Table 3. Single, Low-Income Mothers by Race/Ethnicity

CITY POOR; COUNTRY POOR
I asked the group to consider the difference between urban and rural poverty. Poverty isn’t a homogeneous experience; location matters. For example, the image of rural poverty is Appalachia. The image of urban poverty is blighted neighborhoods. Both are misleading. White women were the only group with similar percentages of single, low-income mothers in urban and rural poverty.

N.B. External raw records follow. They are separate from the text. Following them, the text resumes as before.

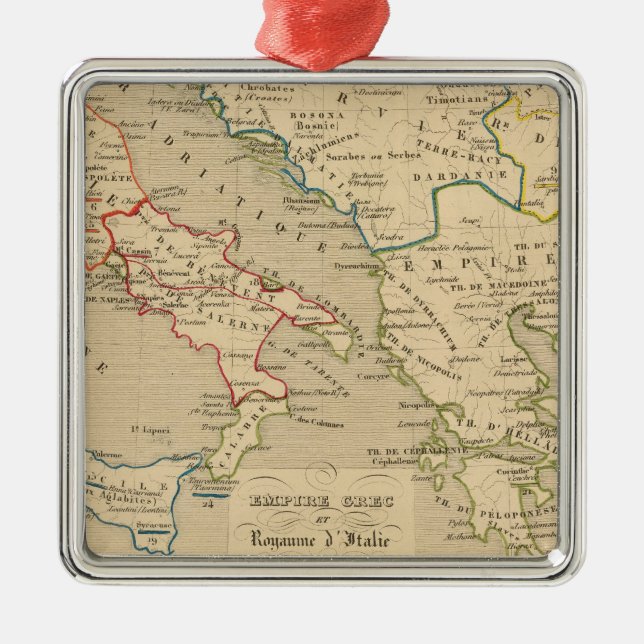 Empire Grec et Royaume d'Italie 774 a 900 Metal Ornament (Front)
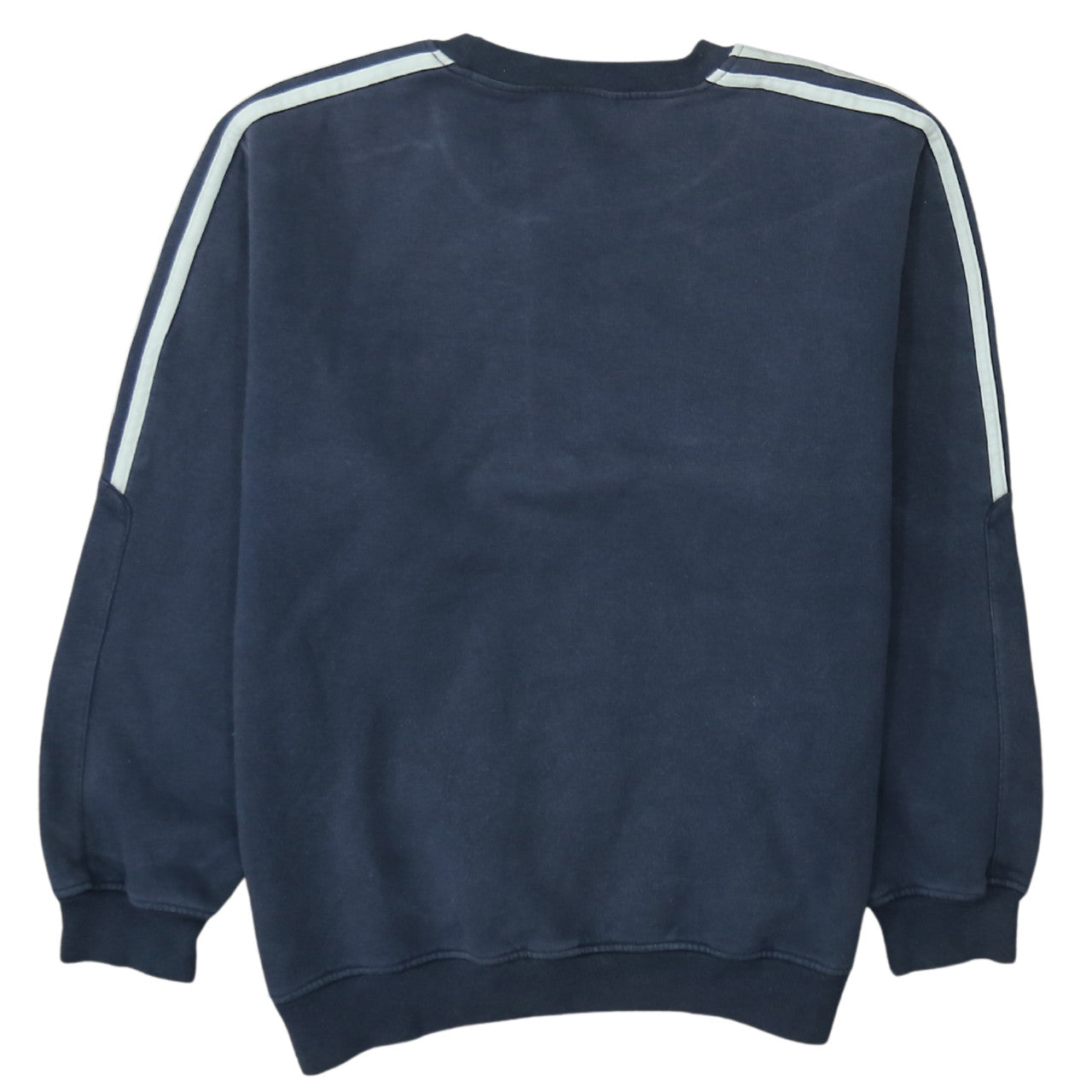 Adidas Men’s Blue Crew Neck Pullover Sweatshirt Size S Sports Style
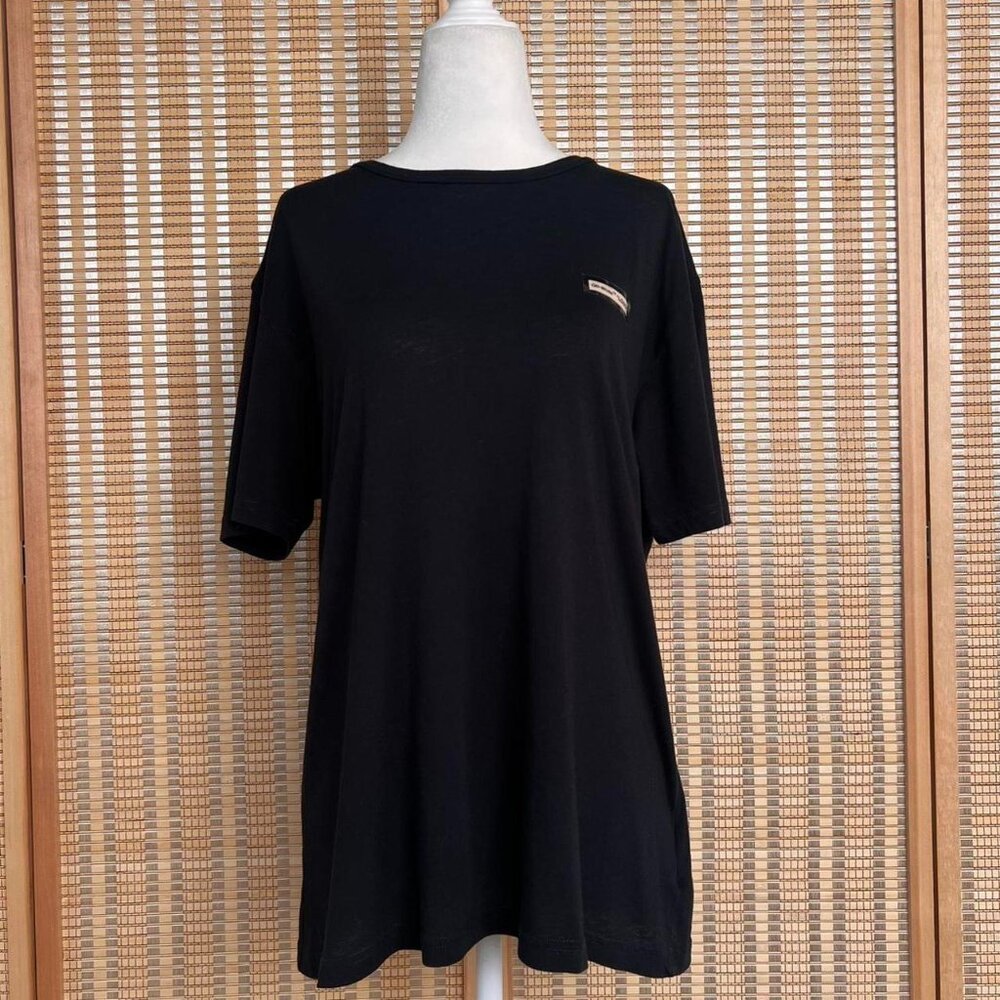 Off White black “logo” basic unisex 100% cotton tshirt size S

Table 4 provides the demographics for urban and rural poverty.
Table 4. Single, Low-Income Mothers by Rural Status

NAVIGATING THE POVERTY LINE
Since the mayors were there to discuss “strategies for alleviating poverty,” I pressed them to define what “alleviating poverty” means.
It cannot mean moving people above the poverty line because one penny can move a mother above the poverty line but not allow her to move her family out of poverty.
Does it mean we want fewer people living in under-resourced communities? What would it take to provide the resources—housing, education, childcare, transportation—that could help move the needle for single, low-income moms?
Does it mean we set a benchmark for the number of people we are “okay” with being in poverty? Right now, that number hovers around 11.5 percent. My colleague, Gary Hoover, recently posted on social media,
“We wouldn’t allow 15% failure (poverty) with any other system EXCEPT our economic system to persist. …Time for a recall, or at a minimum, a redesign of the system.”
To redesign any system, you must work with factual information and accurate data. Otherwise, you risk perpetuating false narratives and creating solutions based on incomplete, faulty data.
I encourage policymakers—and all of us—to stop believing and perpetuating false narratives about single, low-income mothers. These women have enough to deal with already.